"She will fret you to death in a week, a faded flirt with the air of sixteen, who sets up for a genius. Get her married if you can. It is fortunate that there is some dispensation of fate to take people out of your way."
"I never had a sister," Violet says, half regretfully.
"Well, you will have enough of us," is the rejoinder. "Though I shall try to make no trouble. A book and a sofa satisfy me."
"Were you always ill? And you must have been pretty! You would be pretty now if you had some color and clearness, such as exercise would give you."
Gertrude is comforted by the naive compliment. No one ever praises her now.
"I was pretty to some one a long while ago," she says, pathetically.
It suggests a lover. "Oh, do tell me!" cries Violet, kneeling by the sofa. Marriage is marriage, of course, and Denise has instructed her in its duties, but is not love something accidental, not always happening in the regular sequence?
"It is not much," confesses Gertrude, "but it once was a great deal to me.
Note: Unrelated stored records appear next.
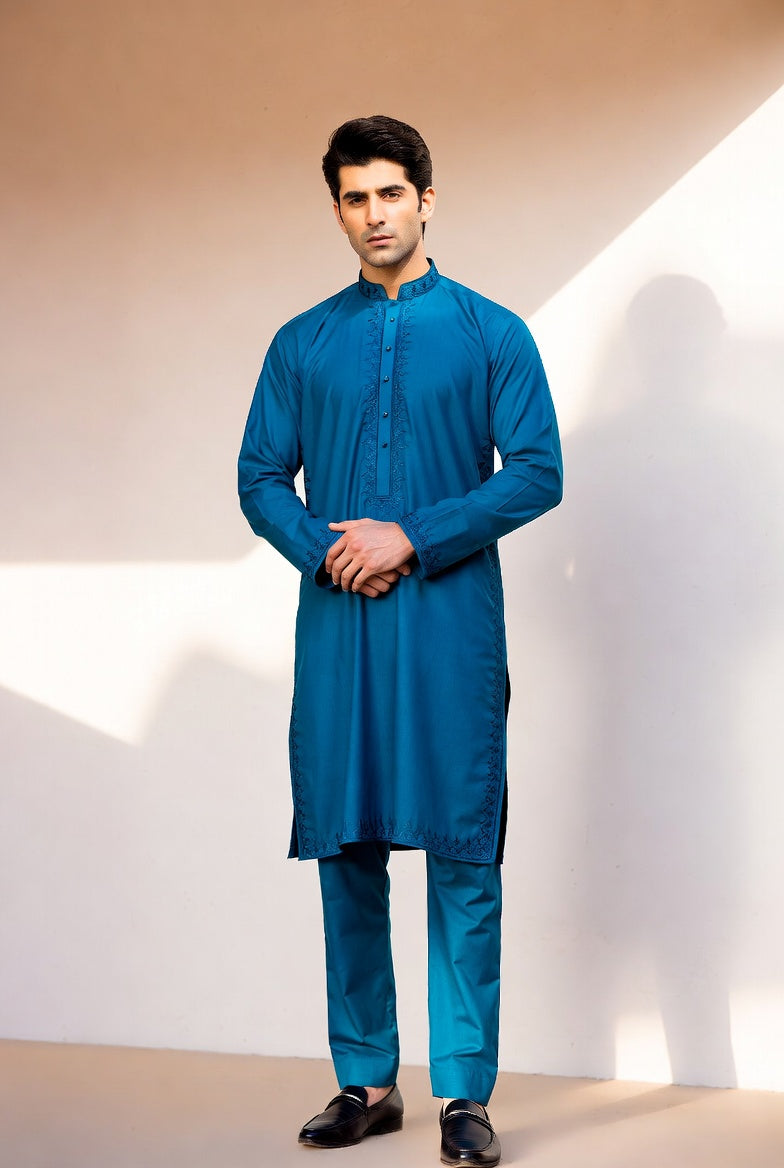 Man wearing a blue kurta with black shoes against a neutral background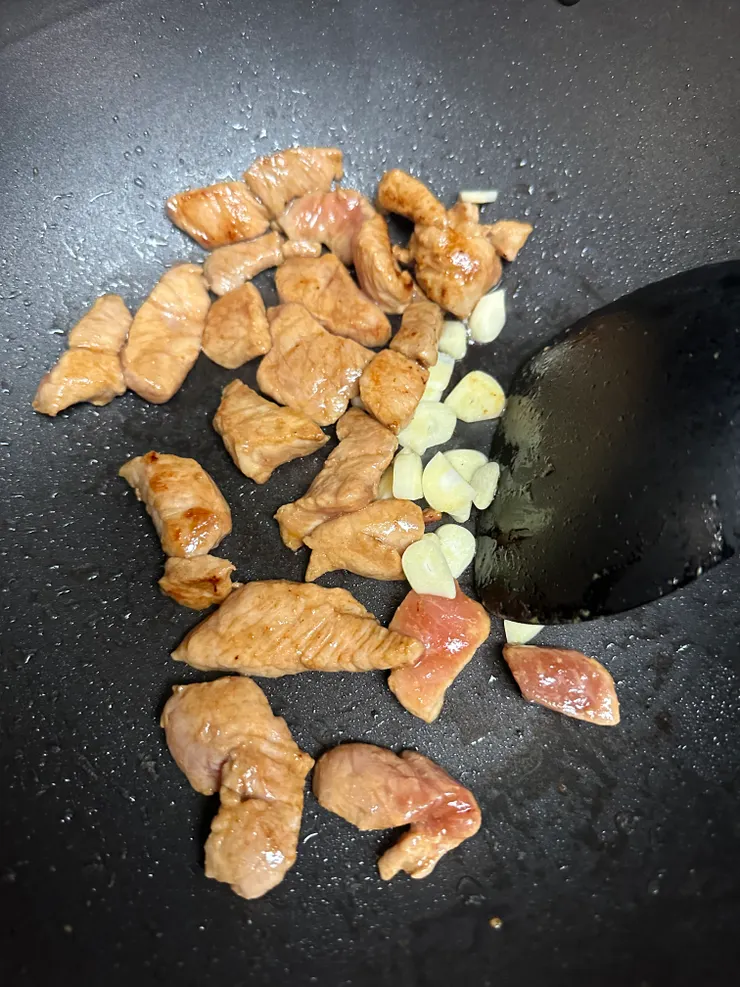 肉稍微變白後加入蒜片炒至聞到香味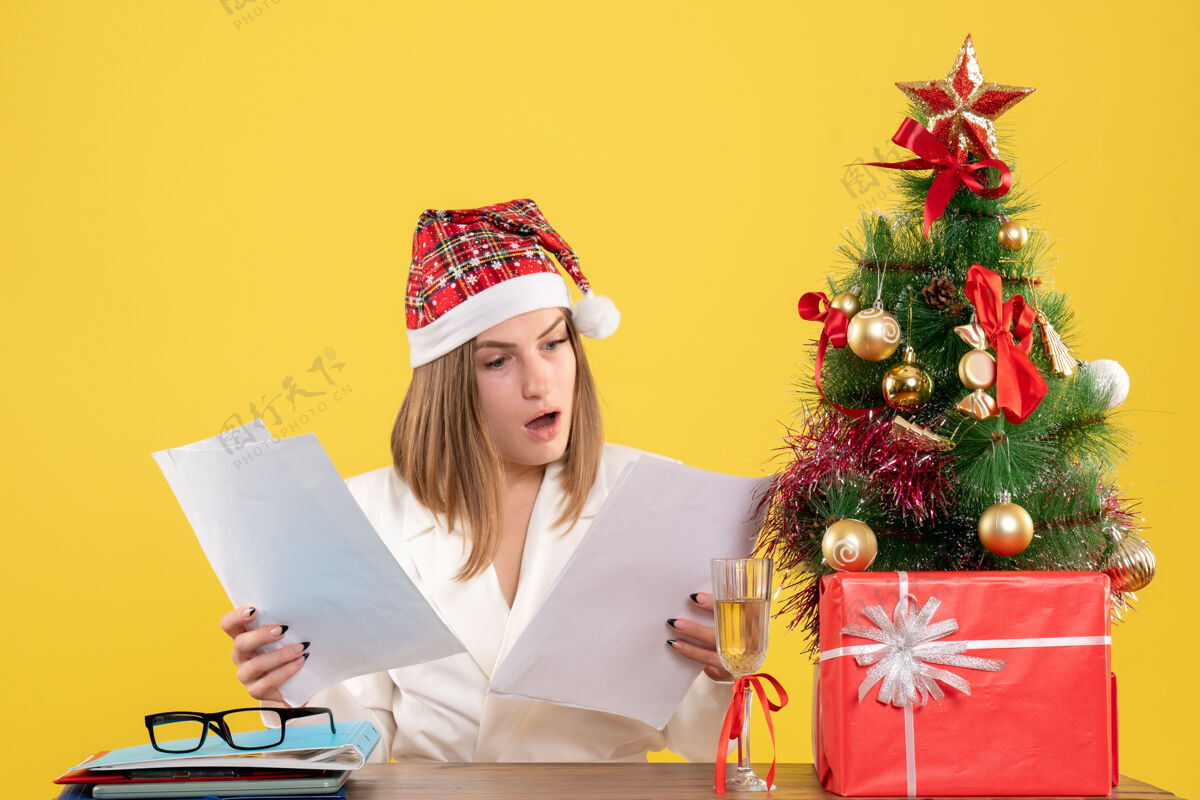 情感前视图女医生坐在圣诞礼物持有黄色背景文件健康快乐礼物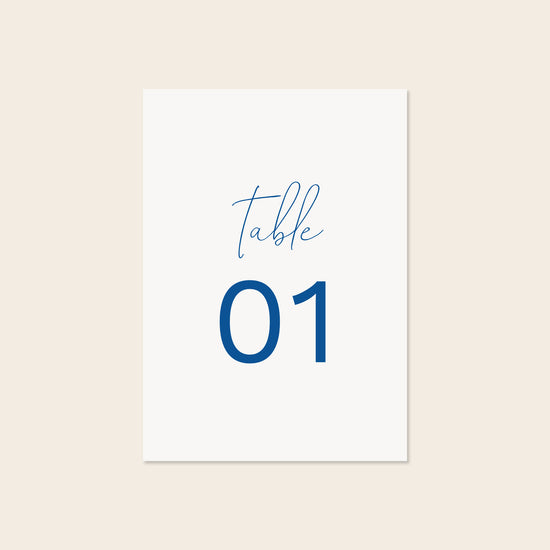 Wedding printable table number template design on a beige background.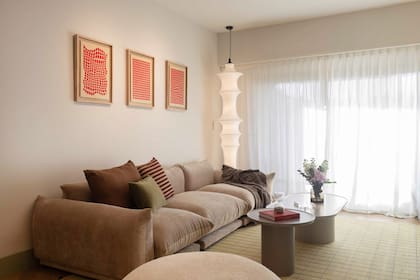 Sillón (Lobo Interiorismo) y almohadones (Philomena Home). Cuadros (Palmito Estudio). Mesas ratonas (Fusión a Medida) y lámpara de techo a piso (Dynamo Iluminación).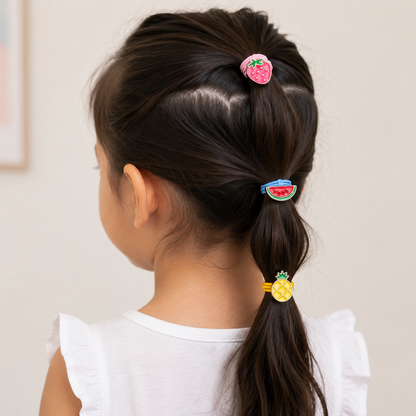 Child with ponytail using colorful hair accessories against a plain background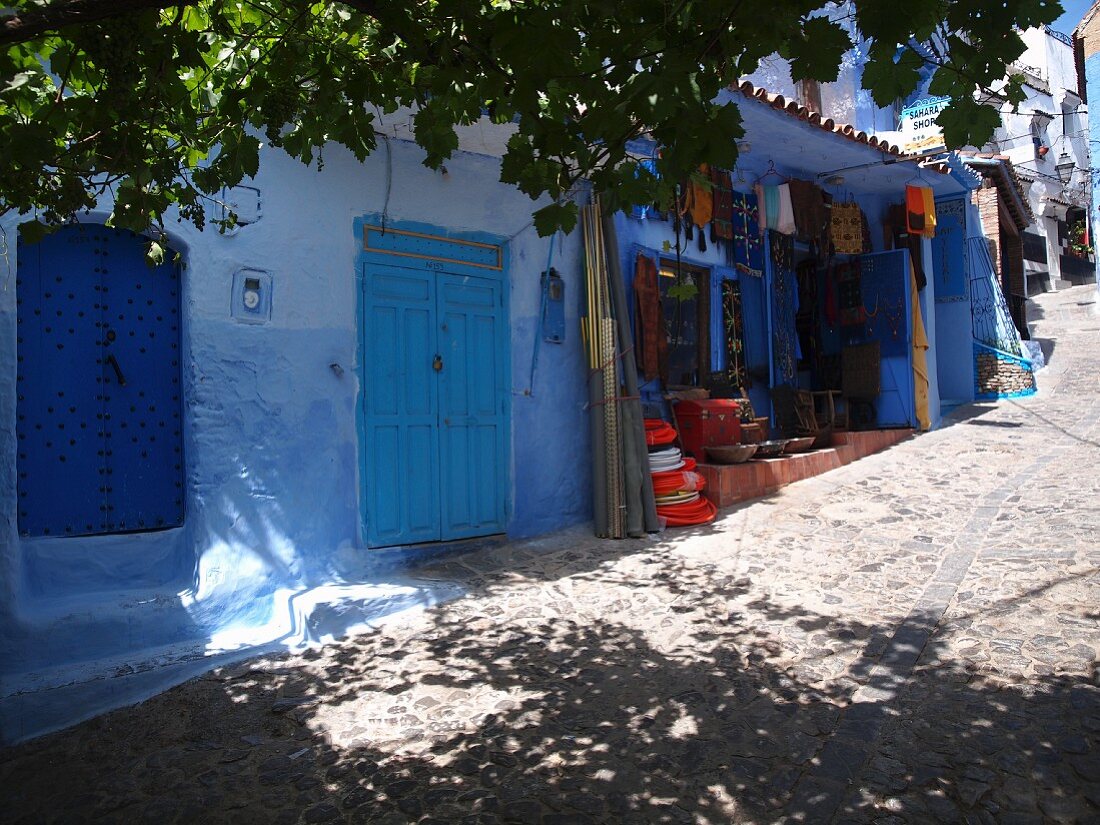 A shop set up in one of the blue alleyways of Chefchaouen, Morocco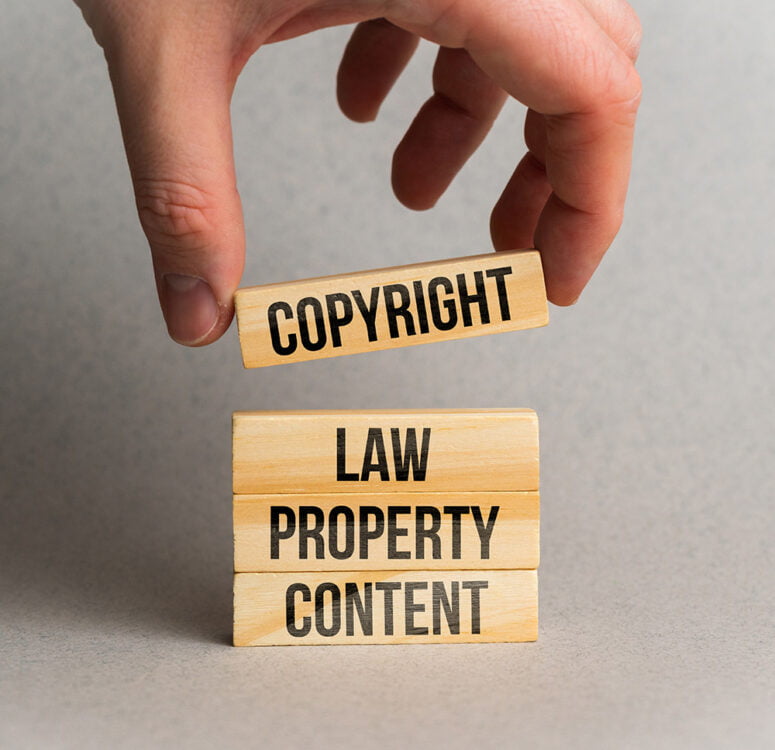 Concept Copyright And Intellectual Property On Wooden Blocks.
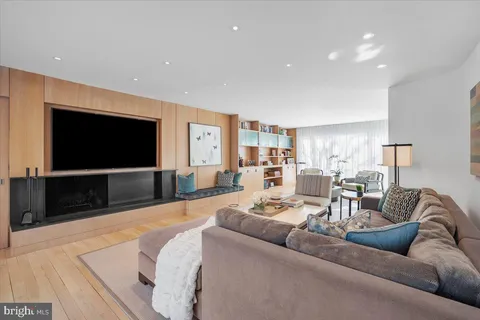 a view of a house with sitting area and furniture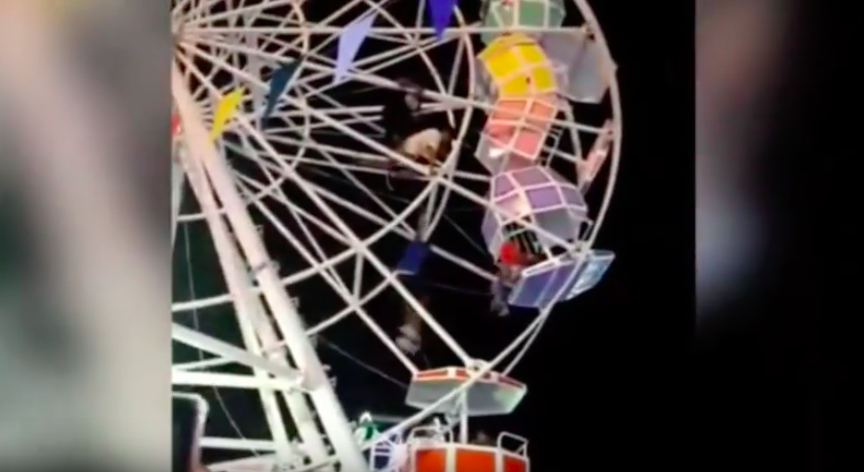 People hanging on for dear life on a ferris wheel in Indonesia after some of its pods flipped due to a suspected technical malfunction. Photo: Youtube screengrab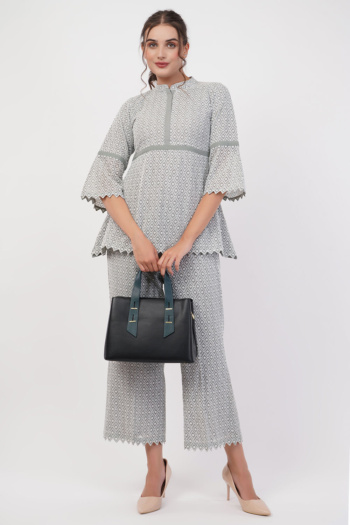 B) model wearing patterned two-piece outfit holding black handbag, shot on white background — Ckstudio; Commercial Product Photography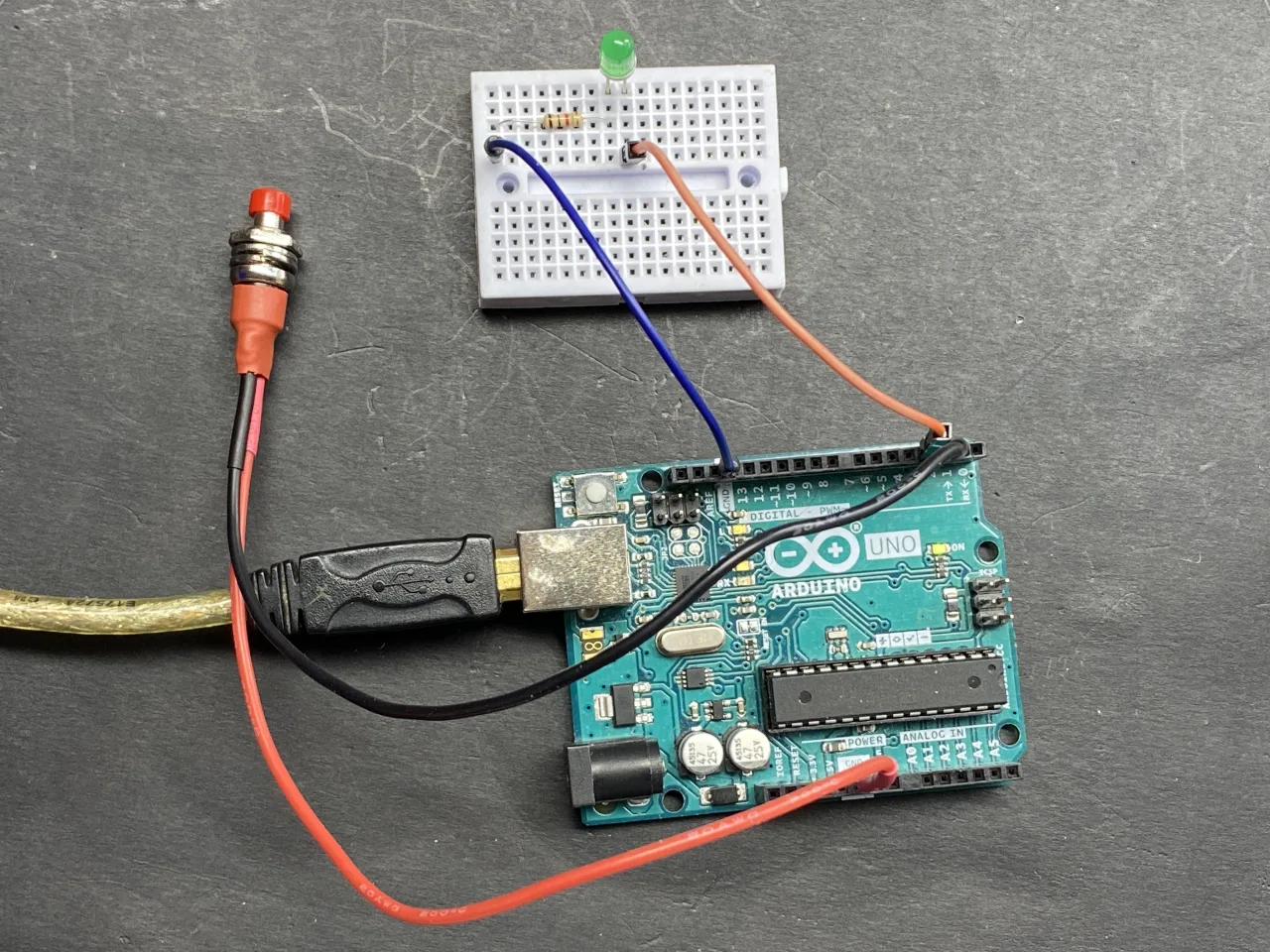 LED with resistor on breadboard connected to Arduino with a push button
I was engaged, and we loved each other dearly. I was soon to be married, the very first of them all, but he went wrong and had to go away in disgrace. It broke my heart!"
"Oh!" and Violet kisses her, with tears on her cheek. No wonder she is so sad and spiritless.
"I don't mind now. Perhaps it would have been no end of a bother, and I'm not fond of children. Cecil is the least troublesome of any I ever saw, but I couldn't have her about all the time, as you do. Yes, it seemed at first as if I must die," she says, in a curious past-despairing tone.